Sahara occidental: Paris sous pression du Maroc après la reconnaissance israélienne

  • Rabat et Paris sont en froid depuis des mois, un gel qui dure et s'ancre –- le poste d'ambassadeur du Maroc en France est toujours vacant -- malgré les dénégations françaises
  • A l'origine de cette grave brouille, les restrictions des visas visant les ressortissants marocains, une mesure levée en décembre dernier

RABAT : Après la reconnaissance par Israël de la souveraineté du Maroc sur le territoire disputé du Sahara occidental, la pression s'accentue sur la France pour qu'elle en fasse autant, dans un contexte de crise entre Rabat et Paris.

Rabat et Paris sont en froid depuis des mois, un gel qui dure et s'ancre –- le poste d'ambassadeur du Maroc en France est toujours vacant -- malgré les dénégations françaises.

Pas d'explication non plus côté marocain.

A l'origine de cette grave brouille, les restrictions des visas visant les ressortissants marocains, une mesure levée en décembre dernier.

Autres pommes de discorde: le vote du Parlement européen condamnant la dégradation de la liberté de la presse au Maroc, dans lequel Rabat a vu un complot anti-marocain "orchestré" par les députés macronistes à Bruxelles, des soupçons d'espionnage marocain (cf. l'affaire Pegasus), les tentatives de réconciliation, jusque là vaines, de Paris avec la puissance rivale algérienne...
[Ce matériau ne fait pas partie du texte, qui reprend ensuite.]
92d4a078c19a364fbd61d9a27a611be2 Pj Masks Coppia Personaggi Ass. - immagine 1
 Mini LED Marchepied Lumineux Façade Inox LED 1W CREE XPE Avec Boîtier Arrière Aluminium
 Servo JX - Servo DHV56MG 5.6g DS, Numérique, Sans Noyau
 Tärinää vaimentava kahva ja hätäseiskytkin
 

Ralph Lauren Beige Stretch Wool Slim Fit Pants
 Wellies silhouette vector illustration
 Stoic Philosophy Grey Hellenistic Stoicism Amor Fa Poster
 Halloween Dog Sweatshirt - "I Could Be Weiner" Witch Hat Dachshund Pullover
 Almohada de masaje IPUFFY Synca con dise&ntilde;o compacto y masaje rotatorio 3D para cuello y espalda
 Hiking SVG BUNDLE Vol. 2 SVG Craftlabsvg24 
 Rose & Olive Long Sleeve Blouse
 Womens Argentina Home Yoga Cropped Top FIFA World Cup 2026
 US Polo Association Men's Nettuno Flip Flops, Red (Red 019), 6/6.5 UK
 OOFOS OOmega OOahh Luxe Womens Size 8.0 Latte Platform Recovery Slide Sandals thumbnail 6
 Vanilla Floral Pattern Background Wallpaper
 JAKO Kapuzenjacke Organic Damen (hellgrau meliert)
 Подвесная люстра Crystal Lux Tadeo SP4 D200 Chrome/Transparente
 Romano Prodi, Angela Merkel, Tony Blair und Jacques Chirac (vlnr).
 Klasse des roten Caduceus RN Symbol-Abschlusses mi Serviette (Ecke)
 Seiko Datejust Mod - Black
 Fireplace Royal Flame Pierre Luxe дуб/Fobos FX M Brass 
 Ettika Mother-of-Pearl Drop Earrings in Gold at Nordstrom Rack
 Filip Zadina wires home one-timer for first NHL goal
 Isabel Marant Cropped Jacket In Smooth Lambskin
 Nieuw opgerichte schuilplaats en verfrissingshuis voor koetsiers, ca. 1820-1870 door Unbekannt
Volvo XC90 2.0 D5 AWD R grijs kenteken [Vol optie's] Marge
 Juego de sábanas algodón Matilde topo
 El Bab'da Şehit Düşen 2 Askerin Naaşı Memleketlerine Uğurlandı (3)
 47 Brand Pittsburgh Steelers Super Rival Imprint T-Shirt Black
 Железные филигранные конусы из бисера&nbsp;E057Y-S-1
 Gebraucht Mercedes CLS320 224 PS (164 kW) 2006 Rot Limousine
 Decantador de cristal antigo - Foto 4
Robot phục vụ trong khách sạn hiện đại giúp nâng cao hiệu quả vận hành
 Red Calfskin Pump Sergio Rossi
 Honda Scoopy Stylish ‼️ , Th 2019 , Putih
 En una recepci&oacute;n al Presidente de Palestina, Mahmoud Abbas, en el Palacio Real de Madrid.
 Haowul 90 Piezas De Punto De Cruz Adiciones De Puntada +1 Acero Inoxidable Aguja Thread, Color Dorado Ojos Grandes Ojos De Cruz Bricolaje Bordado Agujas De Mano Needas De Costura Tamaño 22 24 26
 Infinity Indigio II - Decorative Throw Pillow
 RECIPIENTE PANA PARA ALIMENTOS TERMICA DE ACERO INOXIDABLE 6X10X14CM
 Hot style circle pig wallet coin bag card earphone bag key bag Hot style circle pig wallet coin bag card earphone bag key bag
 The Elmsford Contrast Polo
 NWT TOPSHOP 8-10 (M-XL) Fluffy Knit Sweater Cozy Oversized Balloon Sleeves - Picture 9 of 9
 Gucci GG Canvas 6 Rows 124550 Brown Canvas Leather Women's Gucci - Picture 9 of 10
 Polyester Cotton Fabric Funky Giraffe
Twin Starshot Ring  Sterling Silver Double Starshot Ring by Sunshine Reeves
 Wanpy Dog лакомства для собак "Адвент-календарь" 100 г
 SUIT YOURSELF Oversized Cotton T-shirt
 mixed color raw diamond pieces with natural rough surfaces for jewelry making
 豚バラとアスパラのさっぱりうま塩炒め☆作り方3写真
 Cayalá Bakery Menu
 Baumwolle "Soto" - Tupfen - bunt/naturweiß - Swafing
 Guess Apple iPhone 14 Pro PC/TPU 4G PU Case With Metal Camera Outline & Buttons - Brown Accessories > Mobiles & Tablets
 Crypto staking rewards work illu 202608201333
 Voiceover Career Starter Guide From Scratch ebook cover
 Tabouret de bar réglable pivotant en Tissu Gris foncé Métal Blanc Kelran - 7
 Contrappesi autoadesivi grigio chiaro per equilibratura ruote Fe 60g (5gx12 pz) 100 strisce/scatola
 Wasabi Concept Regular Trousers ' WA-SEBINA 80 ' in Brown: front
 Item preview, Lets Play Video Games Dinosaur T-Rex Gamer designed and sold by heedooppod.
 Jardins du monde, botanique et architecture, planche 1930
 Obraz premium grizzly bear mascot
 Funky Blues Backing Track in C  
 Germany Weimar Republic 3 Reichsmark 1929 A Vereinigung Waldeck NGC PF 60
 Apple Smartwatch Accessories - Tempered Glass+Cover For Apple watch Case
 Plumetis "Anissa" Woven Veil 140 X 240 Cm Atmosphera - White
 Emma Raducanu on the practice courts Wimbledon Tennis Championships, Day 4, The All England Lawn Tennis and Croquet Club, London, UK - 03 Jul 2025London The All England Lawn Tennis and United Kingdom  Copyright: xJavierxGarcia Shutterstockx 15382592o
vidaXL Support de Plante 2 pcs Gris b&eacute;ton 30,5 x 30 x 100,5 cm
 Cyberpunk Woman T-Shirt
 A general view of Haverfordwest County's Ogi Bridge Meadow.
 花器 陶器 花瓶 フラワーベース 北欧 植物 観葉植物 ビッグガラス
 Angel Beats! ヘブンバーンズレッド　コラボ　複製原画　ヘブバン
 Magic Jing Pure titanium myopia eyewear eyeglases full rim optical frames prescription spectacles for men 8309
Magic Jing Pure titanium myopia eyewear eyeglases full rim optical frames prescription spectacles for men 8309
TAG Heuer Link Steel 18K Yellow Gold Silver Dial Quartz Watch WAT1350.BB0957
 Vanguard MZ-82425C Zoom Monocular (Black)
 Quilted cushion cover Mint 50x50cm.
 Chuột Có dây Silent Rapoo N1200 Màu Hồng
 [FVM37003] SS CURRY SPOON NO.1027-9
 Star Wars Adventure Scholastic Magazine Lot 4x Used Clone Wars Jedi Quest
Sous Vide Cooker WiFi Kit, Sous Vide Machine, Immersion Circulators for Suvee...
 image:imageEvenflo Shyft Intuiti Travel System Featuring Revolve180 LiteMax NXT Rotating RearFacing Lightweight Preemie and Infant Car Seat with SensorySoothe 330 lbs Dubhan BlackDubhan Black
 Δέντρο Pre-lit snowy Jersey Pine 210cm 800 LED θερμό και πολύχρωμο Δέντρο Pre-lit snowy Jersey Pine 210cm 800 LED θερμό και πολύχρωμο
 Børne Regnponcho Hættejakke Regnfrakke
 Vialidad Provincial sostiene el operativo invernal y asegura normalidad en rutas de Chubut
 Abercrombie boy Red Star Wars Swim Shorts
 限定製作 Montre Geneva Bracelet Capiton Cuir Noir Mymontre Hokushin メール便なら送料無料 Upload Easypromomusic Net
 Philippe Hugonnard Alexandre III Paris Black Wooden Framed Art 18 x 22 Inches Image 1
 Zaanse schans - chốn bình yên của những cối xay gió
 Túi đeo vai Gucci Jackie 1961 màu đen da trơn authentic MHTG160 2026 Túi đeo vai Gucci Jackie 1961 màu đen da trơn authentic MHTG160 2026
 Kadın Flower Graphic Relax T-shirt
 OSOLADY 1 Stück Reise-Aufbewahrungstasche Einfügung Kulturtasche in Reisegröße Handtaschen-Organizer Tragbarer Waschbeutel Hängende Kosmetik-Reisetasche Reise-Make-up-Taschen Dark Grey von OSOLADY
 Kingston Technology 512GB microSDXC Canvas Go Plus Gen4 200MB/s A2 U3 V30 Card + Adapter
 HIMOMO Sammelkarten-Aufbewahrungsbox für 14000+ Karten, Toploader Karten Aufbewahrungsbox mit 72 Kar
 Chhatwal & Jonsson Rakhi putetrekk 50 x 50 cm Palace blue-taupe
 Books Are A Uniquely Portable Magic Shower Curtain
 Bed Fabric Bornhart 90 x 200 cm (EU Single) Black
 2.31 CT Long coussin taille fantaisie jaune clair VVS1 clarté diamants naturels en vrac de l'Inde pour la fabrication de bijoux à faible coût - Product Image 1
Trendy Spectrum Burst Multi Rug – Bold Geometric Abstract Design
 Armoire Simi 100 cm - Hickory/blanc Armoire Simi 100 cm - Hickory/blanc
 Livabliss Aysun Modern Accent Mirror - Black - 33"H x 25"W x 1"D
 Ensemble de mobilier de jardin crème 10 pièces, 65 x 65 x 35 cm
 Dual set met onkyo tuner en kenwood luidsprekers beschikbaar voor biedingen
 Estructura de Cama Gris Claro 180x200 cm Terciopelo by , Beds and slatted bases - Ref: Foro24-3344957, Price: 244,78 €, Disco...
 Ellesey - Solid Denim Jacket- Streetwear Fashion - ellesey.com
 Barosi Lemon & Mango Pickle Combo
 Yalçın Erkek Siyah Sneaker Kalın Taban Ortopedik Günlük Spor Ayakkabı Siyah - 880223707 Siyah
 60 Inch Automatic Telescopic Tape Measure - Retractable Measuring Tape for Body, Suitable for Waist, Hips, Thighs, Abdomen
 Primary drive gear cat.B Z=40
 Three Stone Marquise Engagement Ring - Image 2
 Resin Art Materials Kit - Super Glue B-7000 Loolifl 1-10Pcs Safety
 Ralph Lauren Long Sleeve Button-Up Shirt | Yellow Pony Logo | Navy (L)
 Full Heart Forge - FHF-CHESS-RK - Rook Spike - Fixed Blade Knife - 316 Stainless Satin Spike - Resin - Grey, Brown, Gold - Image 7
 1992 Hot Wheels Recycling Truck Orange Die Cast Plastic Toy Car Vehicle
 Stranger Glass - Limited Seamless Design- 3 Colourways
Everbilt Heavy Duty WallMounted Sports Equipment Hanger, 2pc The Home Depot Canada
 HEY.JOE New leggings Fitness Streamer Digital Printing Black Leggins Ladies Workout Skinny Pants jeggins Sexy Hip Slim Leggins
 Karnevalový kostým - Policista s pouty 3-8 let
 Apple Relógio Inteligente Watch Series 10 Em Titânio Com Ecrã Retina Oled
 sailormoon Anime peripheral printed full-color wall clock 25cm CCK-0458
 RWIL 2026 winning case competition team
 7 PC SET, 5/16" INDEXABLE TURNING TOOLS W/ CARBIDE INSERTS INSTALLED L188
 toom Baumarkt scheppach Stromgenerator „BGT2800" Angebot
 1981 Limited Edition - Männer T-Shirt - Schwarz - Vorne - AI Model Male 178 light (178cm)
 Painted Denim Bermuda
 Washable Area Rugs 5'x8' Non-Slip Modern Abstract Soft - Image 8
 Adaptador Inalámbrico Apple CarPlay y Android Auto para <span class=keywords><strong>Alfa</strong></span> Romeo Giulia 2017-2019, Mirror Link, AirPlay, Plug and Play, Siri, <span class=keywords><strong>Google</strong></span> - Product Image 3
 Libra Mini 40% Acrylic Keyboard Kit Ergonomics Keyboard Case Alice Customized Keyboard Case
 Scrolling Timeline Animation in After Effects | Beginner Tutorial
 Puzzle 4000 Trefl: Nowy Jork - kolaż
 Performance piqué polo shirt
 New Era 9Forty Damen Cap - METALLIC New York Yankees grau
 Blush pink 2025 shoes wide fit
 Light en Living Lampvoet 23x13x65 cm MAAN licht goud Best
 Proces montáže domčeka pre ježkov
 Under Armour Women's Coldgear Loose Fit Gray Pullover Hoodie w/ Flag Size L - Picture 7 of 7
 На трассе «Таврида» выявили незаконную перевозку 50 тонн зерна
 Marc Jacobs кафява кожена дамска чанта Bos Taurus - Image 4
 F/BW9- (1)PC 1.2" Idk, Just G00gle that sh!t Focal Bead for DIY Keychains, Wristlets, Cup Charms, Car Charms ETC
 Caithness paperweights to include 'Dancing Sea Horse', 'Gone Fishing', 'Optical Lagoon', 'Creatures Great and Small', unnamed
Au-delà, le Maroc reproche surtout à la France de ne pas s'aligner sur les Etats-Unis et Israël qui ont reconnu la "marocanité" du Sahara occidental, sacrée "cause nationale" par Rabat.

"Les rapports avec les puissances sont appréciés à l'aune de leur position sur le Sahara", rappelle à l'AFP le professeur de sciences politiques, Abdelmoughit Benmessaoud Tredano.

Depuis un demi-siècle, un conflit armé oppose le Maroc aux indépendantistes sahraouis du Front Polisario, soutenus par l'Algérie, dans ce vaste territoire désertique bordant l'Atlantique, aux eaux poissonneuses et importantes réserves en phosphates.

Rabat, qui en contrôle la majeure partie, prône un plan d'autonomie sous sa souveraineté exclusive, tandis que le Polisario réclame un référendum d'autodétermination sous l'égide de l'ONU, déjà accepté mais jamais concrétisé.

La décision d'Israël de reconnaître la souveraineté du Maroc sur le territoire du Sahara occidental, à l'instar des Etats-Unis, rebat les cartes.

"A qui le tour ?", enjoint l'éditorialiste marocain Aziz Boucetta.

"La position de la France est importante car de cette position dépend celle de l'Europe (...) On peut donc prévoir une pression encore plus forte qu'elle ne l'est déjà de Rabat sur Paris", prédit-il.

Pour Paris, la position de la France, alliée historique du Maroc, est "claire et constante", en faveur d'"une solution politique juste, durable et mutuellement acceptable, conformément aux résolutions du Conseil de sécurité des Nations unies (CNSU)".

Elle considère le plan d'autonomie marocain comme une base de discussions "sérieuse et crédible" depuis sa présentation en 2007.

"Depuis le départ, notre position est clairement favorable au Maroc", souligne l'ambassadeur de France au Maroc, Christophe Lecourtier. Peine perdue.

Résister aux pressions ?

"La France continuera-t-elle à faire l'autruche ? Elle est dans la duplicité, se servant du dossier du Sahara pour préserver ses intérêts économiques avec l'Algérie", assène la revue Finances News Hebdo.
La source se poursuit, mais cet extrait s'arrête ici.